Many of the players worked full-time jobs in steel mills, shipyards, and weapons factories. They would work exhausting shifts producing machinery for the war, then practice at night, and play games on Sundays. Yet somehow, this patchwork of exhausted, banged-up men managed to put together a winning season. The Steagles finished 5-4-1—the first winning season in Philadelphia Eagles history.
The Beginning of the End
Despite their relative success, the Steagles were never built to last. By 1944, the war continued, and the league still needed creative solutions. But the Eagles had seen enough. Neale and Kiesling had barely managed to tolerate each other for a season. Philadelphia ended the arrangement and took back its independence.
The Steelers weren’t so lucky. With no alternative, they were forced into another temporary merger—this time with the Chicago Cardinals, forming a new team that would go down as one of the worst in NFL history: Card-Pitt (nicknamed "The Carpets" because they got walked all over).
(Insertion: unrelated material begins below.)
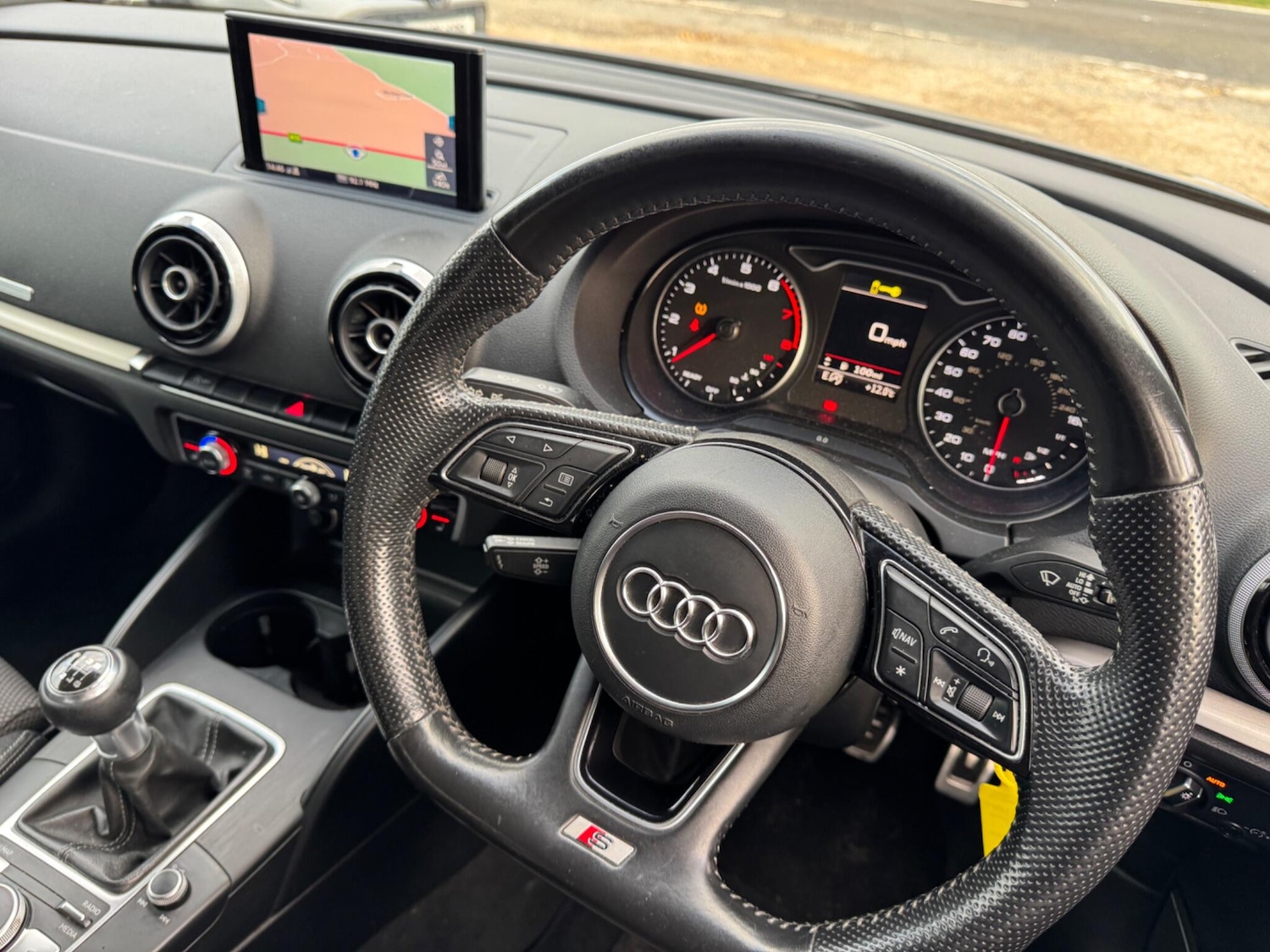 Used Audi A3 2017 for sale - 76398567: Photo 2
That experiment, unlike the Steagles, was a disaster.
By 1945, the war was winding down. Soldiers returned home, rosters were replenished, and the NFL returned to business as usual. The Steagles faded into memory, a relic of a desperate time.

The Eagles Fight Song: The Birth of a New Identity
If the Steagles were the first glimpse of real success for the Philadelphia Eagles, what came after helped cement the team’s identity.
A few years later, in the early 1950s, Philadelphia ad executives Charles Borrelli and Roger Courtland wrote a song designed to rally Eagles fans. Originally titled "The Eagles’ Victory Song," it opened with the words "Fight, Eagles Fight" and played at home games for decades.
But it wasn’t until the late 1990s that the song evolved into the version heard today. The opening line changed to "Fly, Eagles Fly", and a once-forgotten anthem became one of the most recognizable fight songs in American sports:
Fly, Eagles Fly! On the road to victory!
Fight, Eagles Fight! Score a touchdown 1, 2, 3!
Hit 'em low! Hit 'em high! And watch our Eagles fly!
Fly, Eagles Fly! On the road to victory!
E-A-G-L-E-S! Eagles!
Today, the song is a defining feature of Eagles culture—played after every touchdown at Lincoln Financial Field and sung by generations of Philadelphia fans.
It’s an anthem of resilience, much like the team itself.
A Legacy That Still Matters
The Steagles may be little more than a footnote in NFL history—no throwback jerseys, no commemorative plaques, no retired numbers—but their story is a testament to football’s resilience. In a league that could have collapsed under the weight of war, the Steagles found a way to survive, keeping the game alive when it mattered most.
As the Eagles prepare for another Super Bowl appearance, their fans will sing "Fly, Eagles Fly" with pride—perhaps unaware that the team’s first winning season came when they weren’t just the Eagles at all, but something stranger and grittier, a wartime fusion of rivals that, against all odds, found a way to win.
For one unforgettable year, they were the Steagles.